Avanços (?) na construção europeia

Avanços (?) na construção europeia Avanços (?) na construção europeia

  

                                                                      

 

        

 

 

         Tem vindo a tornar-se cada vez mais evidente o poder alemão na liderança da União Europeia. O predomínio dos grandes países ficou já consagrado no Tratado de Lisboa, e a Alemanha é o maior de todos; a solidez, económica e política, germânica, num panorama generalizado de crise e mediocridade, está fazendo o resto.

 

         Os governantes dos outros estados-membros da UE e até a própria opinião pública de cada um deles voltam-se para Berlim reclamando soluções, cortejam a Chancelerina procurando ganhar-lhe as boas graças ou exautoram-na responsabilizando-a por aquilo que são afinal as consequências de comportamentos delirantes e erróneos adoptados dentro das fronteiras nacionais.

        

         Com algumas hesitações e reticências lá vai Angela Merkel formulando as suas respostas ao generalizado clamor. Mas deixa também claro que a Alemanha e os alemães não estão dispostos a assumir mais encargos sem que as medidas de férrea disciplina que adoptaram e é a chave de seu sucesso sejam alargadas a todo o espaço da União.

 

         O enquadramento apresentado para a chamada governação económica europeia caracteriza a linha de rumo enunciada. O Primeiro-Ministro José Sócrates, na sua habitual grandiloquência, saudou o novo passo como histórico - talvez por ficar assim aliviado de tomar decisões difíceis, que passam a ser impostas do exterior, mas sem intervenção do FMI, embora com conteúdo idêntico, senão até mais gravoso.

 

         Já a euforia socratiana com o Tratado de Lisboa fora de estranhar, quando dele deriva uma menorização dos países pequenos no funcionamento da União e Portugal é um deles. O visto prévio europeu às grandes linhas do OE, com evidentes sinais de tutela, foi acolhido com análoga exultação. Agora é a governação económica europeia que impele o Primeiro-Ministro a convocar os portugueses ao regozijo por mais um passo em frente na pendente da irrelevância nacional e da submissão.
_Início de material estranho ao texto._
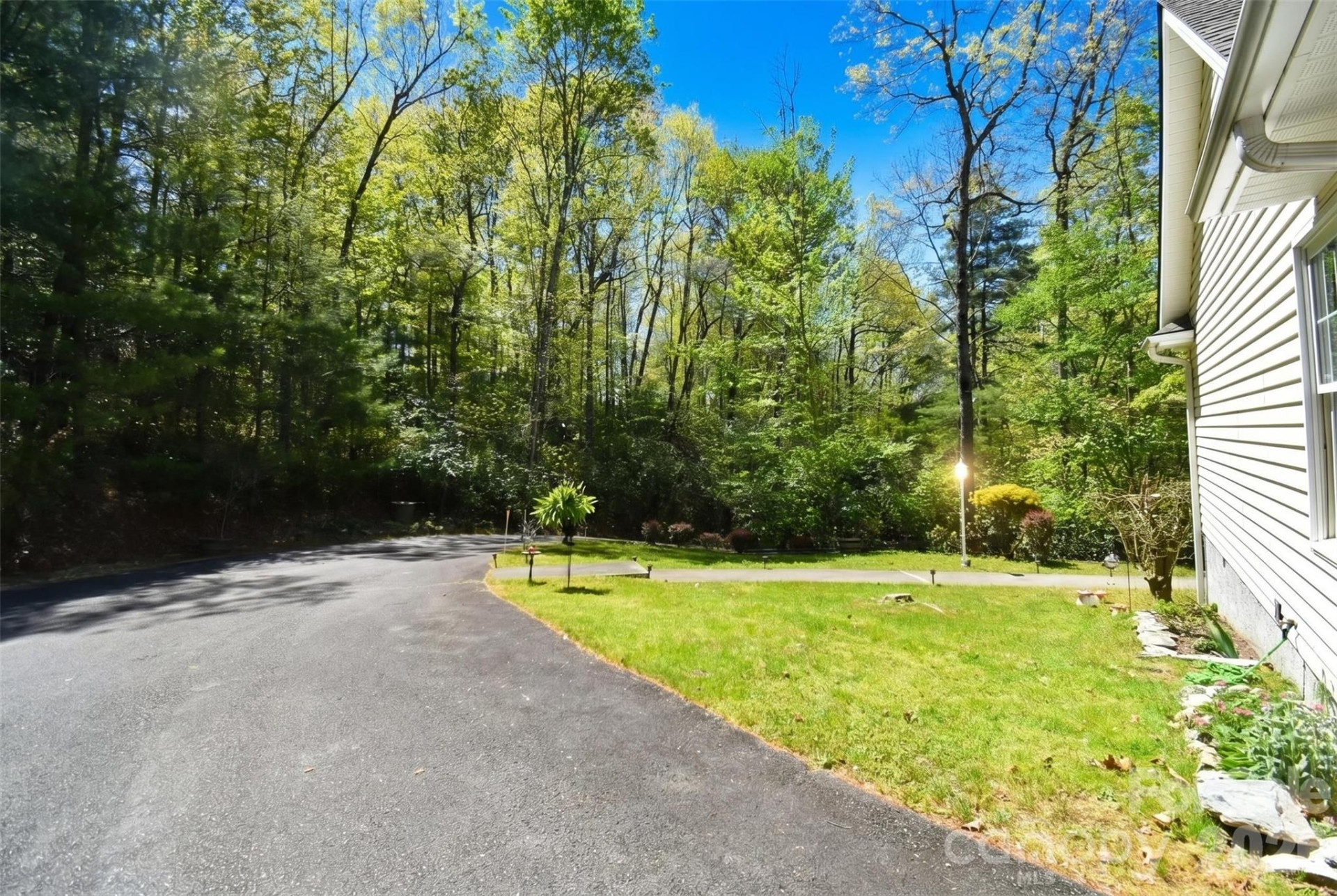 548 Thunder Road - Photo 40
         Do Primeiro-Ministro de Portugal esperava-se, pelo menos, que desse sinais de apreensão pelo modo como se está processando agora a integração europeia, sem respeito pelo princípio da igualdade dos estados-membros. E pela sistemática marginalização da Comissão Europeia, no papel tida como garante dos tratados e detentora da iniciativa comunitária, na prática ultrapassada, em questões chave, pelos diktats do motor franco-alemão, por sinal com a componente francesa bastante enfraquecida. Mas a dependência dos fundos europeus e a urgente necessidade de novas medidas de apoio privam o Governo Português de qualquer autoridade para levantar a voz.

         O Governo tem de assumir a responsabilidade pela contínua degradação do nosso País no ranking europeu da riqueza e bem-estar, ultrapassado ano após ano por mais um dos recém-admitidos na União. E pelo agravamento exponencial da dívida externa, que é o que está arrasando o poder e o crédito de Portugal e abrindo brechas na solidez da moeda europeia.

         Disso fogem José Sócrates e o seu núcleo duro no Governo e no PS, cobrindo a fuga com acções propagandísticas, desenhadas para passar nos telejornais, com intuitos anestesiantes.